Your task: Copy out all of the records. Keep every word exact.

Data for analysis:
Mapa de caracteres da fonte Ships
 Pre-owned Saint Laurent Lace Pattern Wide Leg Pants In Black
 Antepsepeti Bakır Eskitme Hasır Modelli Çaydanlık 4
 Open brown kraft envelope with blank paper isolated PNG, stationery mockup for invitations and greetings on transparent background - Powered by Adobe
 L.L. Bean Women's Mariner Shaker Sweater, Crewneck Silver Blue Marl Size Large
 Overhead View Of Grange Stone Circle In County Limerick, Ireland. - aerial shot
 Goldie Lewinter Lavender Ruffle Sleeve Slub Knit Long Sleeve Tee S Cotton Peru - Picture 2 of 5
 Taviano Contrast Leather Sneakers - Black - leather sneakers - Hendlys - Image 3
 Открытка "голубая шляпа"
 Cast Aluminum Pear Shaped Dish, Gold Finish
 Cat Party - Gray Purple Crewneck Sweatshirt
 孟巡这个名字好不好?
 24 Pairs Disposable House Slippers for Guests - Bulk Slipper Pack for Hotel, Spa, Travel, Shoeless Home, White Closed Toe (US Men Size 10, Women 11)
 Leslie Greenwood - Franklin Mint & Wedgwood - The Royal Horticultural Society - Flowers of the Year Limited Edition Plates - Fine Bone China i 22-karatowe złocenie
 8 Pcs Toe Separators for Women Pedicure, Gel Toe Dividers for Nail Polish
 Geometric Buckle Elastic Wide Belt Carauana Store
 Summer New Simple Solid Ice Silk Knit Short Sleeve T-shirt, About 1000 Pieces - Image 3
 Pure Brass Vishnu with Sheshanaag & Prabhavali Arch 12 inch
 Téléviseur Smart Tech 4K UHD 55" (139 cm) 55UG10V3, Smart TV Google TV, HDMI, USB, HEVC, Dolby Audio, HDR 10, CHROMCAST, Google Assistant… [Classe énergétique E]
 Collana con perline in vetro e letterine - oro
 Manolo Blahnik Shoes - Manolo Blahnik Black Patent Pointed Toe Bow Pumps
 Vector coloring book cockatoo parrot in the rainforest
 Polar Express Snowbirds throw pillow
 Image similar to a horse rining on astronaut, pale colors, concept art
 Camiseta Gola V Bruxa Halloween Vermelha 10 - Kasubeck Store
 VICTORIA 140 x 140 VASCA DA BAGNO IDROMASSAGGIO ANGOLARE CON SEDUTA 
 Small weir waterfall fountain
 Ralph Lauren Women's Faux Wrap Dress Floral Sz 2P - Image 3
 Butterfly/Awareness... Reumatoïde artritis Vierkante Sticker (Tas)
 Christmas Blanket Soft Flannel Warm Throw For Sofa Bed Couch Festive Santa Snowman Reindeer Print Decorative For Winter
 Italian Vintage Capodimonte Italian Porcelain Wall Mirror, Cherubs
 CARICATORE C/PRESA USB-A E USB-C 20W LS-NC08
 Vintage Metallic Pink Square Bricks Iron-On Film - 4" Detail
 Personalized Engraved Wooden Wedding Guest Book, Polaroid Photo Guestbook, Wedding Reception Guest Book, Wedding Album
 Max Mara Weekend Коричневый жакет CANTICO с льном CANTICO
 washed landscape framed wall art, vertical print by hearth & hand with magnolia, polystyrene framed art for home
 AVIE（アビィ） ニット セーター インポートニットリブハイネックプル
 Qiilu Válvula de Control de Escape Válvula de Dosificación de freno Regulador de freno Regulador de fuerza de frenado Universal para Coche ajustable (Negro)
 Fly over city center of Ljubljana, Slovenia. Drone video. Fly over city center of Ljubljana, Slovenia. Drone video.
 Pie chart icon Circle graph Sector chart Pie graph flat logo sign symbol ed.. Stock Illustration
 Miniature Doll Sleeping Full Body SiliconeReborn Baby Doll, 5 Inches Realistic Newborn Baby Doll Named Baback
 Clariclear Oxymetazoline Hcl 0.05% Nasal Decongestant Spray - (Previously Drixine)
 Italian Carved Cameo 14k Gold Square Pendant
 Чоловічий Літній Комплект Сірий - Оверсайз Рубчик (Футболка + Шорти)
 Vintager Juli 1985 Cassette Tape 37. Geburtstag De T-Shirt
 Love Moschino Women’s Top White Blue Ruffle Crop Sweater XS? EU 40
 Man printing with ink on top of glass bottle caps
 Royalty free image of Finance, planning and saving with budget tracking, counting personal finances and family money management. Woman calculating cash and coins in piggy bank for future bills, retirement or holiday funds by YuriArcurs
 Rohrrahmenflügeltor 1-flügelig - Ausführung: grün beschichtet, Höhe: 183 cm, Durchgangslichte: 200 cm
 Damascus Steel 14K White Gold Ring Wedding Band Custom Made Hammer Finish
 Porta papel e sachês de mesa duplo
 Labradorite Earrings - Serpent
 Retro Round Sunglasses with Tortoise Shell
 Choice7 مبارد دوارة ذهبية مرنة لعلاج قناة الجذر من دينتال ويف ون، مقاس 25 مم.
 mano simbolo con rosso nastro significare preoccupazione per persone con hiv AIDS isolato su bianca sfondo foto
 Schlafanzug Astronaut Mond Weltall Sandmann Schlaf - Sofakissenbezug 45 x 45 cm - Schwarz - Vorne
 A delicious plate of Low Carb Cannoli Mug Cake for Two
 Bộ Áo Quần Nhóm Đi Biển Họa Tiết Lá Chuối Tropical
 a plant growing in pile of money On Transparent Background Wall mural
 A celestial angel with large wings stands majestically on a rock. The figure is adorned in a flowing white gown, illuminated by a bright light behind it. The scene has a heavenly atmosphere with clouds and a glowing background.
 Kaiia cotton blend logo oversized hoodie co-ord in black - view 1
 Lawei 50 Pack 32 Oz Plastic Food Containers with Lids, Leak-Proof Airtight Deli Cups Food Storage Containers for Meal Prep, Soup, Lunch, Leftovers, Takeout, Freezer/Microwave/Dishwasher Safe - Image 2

Reply:
Mapa de caracteres da fonte Ships
 Pre-owned Saint Laurent Lace Pattern Wide Leg Pants In Black
 Antepsepeti Bakır Eskitme Hasır Modelli Çaydanlık 4
 Open brown kraft envelope with blank paper isolated PNG, stationery mockup for invitations and greetings on transparent background - Powered by Adobe
 L.L. Bean Women's Mariner Shaker Sweater, Crewneck Silver Blue Marl Size Large
 Overhead View Of Grange Stone Circle In County Limerick, Ireland. - aerial shot
 Goldie Lewinter Lavender Ruffle Sleeve Slub Knit Long Sleeve Tee S Cotton Peru - Picture 2 of 5
 Taviano Contrast Leather Sneakers - Black - leather sneakers - Hendlys - Image 3
 Открытка "голубая шляпа"
 Cast Aluminum Pear Shaped Dish, Gold Finish
 Cat Party - Gray Purple Crewneck Sweatshirt
 孟巡这个名字好不好?
 24 Pairs Disposable House Slippers for Guests - Bulk Slipper Pack for Hotel, Spa, Travel, Shoeless Home, White Closed Toe (US Men Size 10, Women 11)
 Leslie Greenwood - Franklin Mint & Wedgwood - The Royal Horticultural Society - Flowers of the Year Limited Edition Plates - Fine Bone China i 22-karatowe złocenie
 8 Pcs Toe Separators for Women Pedicure, Gel Toe Dividers for Nail Polish
 Geometric Buckle Elastic Wide Belt Carauana Store
 Summer New Simple Solid Ice Silk Knit Short Sleeve T-shirt, About 1000 Pieces - Image 3
 Pure Brass Vishnu with Sheshanaag & Prabhavali Arch 12 inch
 Téléviseur Smart Tech 4K UHD 55" (139 cm) 55UG10V3, Smart TV Google TV, HDMI, USB, HEVC, Dolby Audio, HDR 10, CHROMCAST, Google Assistant… [Classe énergétique E]
 Collana con perline in vetro e letterine - oro
 Manolo Blahnik Shoes - Manolo Blahnik Black Patent Pointed Toe Bow Pumps
 Vector coloring book cockatoo parrot in the rainforest
 Polar Express Snowbirds throw pillow
 Image similar to a horse rining on astronaut, pale colors, concept art
 Camiseta Gola V Bruxa Halloween Vermelha 10 - Kasubeck Store
 VICTORIA 140 x 140 VASCA DA BAGNO IDROMASSAGGIO ANGOLARE CON SEDUTA 
 Small weir waterfall fountain
 Ralph Lauren Women's Faux Wrap Dress Floral Sz 2P - Image 3
 Butterfly/Awareness... Reumatoïde artritis Vierkante Sticker (Tas)
 Christmas Blanket Soft Flannel Warm Throw For Sofa Bed Couch Festive Santa Snowman Reindeer Print Decorative For Winter
 Italian Vintage Capodimonte Italian Porcelain Wall Mirror, Cherubs
 CARICATORE C/PRESA USB-A E USB-C 20W LS-NC08
 Vintage Metallic Pink Square Bricks Iron-On Film - 4" Detail
 Personalized Engraved Wooden Wedding Guest Book, Polaroid Photo Guestbook, Wedding Reception Guest Book, Wedding Album
 Max Mara Weekend Коричневый жакет CANTICO с льном CANTICO
 washed landscape framed wall art, vertical print by hearth & hand with magnolia, polystyrene framed art for home
 AVIE（アビィ） ニット セーター インポートニットリブハイネックプル
 Qiilu Válvula de Control de Escape Válvula de Dosificación de freno Regulador de freno Regulador de fuerza de frenado Universal para Coche ajustable (Negro)
 Fly over city center of Ljubljana, Slovenia. Drone video. Fly over city center of Ljubljana, Slovenia. Drone video.
 Pie chart icon Circle graph Sector chart Pie graph flat logo sign symbol ed.. Stock Illustration
 Miniature Doll Sleeping Full Body SiliconeReborn Baby Doll, 5 Inches Realistic Newborn Baby Doll Named Baback
 Clariclear Oxymetazoline Hcl 0.05% Nasal Decongestant Spray - (Previously Drixine)
 Italian Carved Cameo 14k Gold Square Pendant
 Чоловічий Літній Комплект Сірий - Оверсайз Рубчик (Футболка + Шорти)
 Vintager Juli 1985 Cassette Tape 37. Geburtstag De T-Shirt
 Love Moschino Women’s Top White Blue Ruffle Crop Sweater XS? EU 40
 Man printing with ink on top of glass bottle caps
 Royalty free image of Finance, planning and saving with budget tracking, counting personal finances and family money management. Woman calculating cash and coins in piggy bank for future bills, retirement or holiday funds by YuriArcurs
 Rohrrahmenflügeltor 1-flügelig - Ausführung: grün beschichtet, Höhe: 183 cm, Durchgangslichte: 200 cm
 Damascus Steel 14K White Gold Ring Wedding Band Custom Made Hammer Finish
 Porta papel e sachês de mesa duplo
 Labradorite Earrings - Serpent
 Retro Round Sunglasses with Tortoise Shell
 Choice7 مبارد دوارة ذهبية مرنة لعلاج قناة الجذر من دينتال ويف ون، مقاس 25 مم.
 mano simbolo con rosso nastro significare preoccupazione per persone con hiv AIDS isolato su bianca sfondo foto
 Schlafanzug Astronaut Mond Weltall Sandmann Schlaf - Sofakissenbezug 45 x 45 cm - Schwarz - Vorne
 A delicious plate of Low Carb Cannoli Mug Cake for Two
 Bộ Áo Quần Nhóm Đi Biển Họa Tiết Lá Chuối Tropical
 a plant growing in pile of money On Transparent Background Wall mural
 A celestial angel with large wings stands majestically on a rock. The figure is adorned in a flowing white gown, illuminated by a bright light behind it. The scene has a heavenly atmosphere with clouds and a glowing background.
 Kaiia cotton blend logo oversized hoodie co-ord in black - view 1
 Lawei 50 Pack 32 Oz Plastic Food Containers with Lids, Leak-Proof Airtight Deli Cups Food Storage Containers for Meal Prep, Soup, Lunch, Leftovers, Takeout, Freezer/Microwave/Dishwasher Safe - Image 2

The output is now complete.